Non può dire quali sono queste forze?

Sono forze che cercano di destabilizzare la situazione, ma chi sono e chi c'è dietro di loro è un affare degli organi di sicurezza, noi non siamo investigatori.

In alcune regioni russe è stato vietato alle bambine di indossare il velo islamico a scuola. Cosa ne pensa?

Qui il velo non è solo dei musulmani, ma fa parte anche dei costumi nazionali tradizionali. E finora non c'era stato alcun problema. Oggi qualcuno cerca ad arte di creare un problema nella comunità musulmana. Non esiste una legge federale che vieti il velo e qui, a differenza che in Europa, ci si può far fotografare con il velo anche nei documenti ufficiali. Inoltre, il velo è anche il modo attraverso il quale - in sintonia con le altre religioni - cerchiamo di combattere il mal costume e preservare i valori morali.
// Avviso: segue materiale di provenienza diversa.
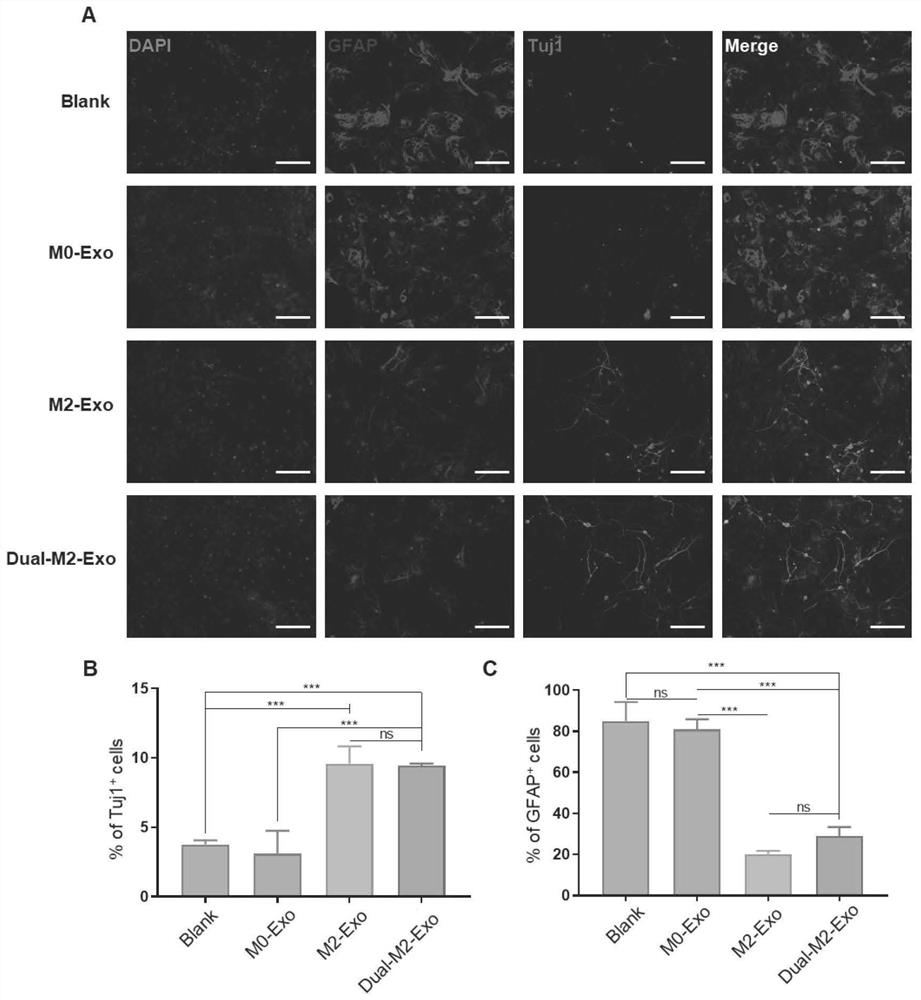 Bifunctional exosome, preparation method thereof and application in cerebral apoplexy repair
Da poco è stata inasprita la legge contro le offese al sentimento religioso. Lo riteneva necessario?

Noi siamo stati favorevoli, anche perché abbiamo vissuto sulla nostra pelle questo problema, con disegni di svastiche in continuo sulla nostra moschea.

Concordate anche sull'introduzione dei corsi di religione a scuola?

Penso che la cosa più importante, a scuola, sia studiare i fondamenti delle religioni del mondo e non singole religioni. Viviamo insieme e spesso non ci conosciamo gli uni con gli altri oppure l'idea che abbiamo dell'altro è costruita attraverso i media. Quando i bambini conoscono i fondamenti delle altre religioni e le loro tradizioni il bambino capisce che tra di noi ci sono radici comuni.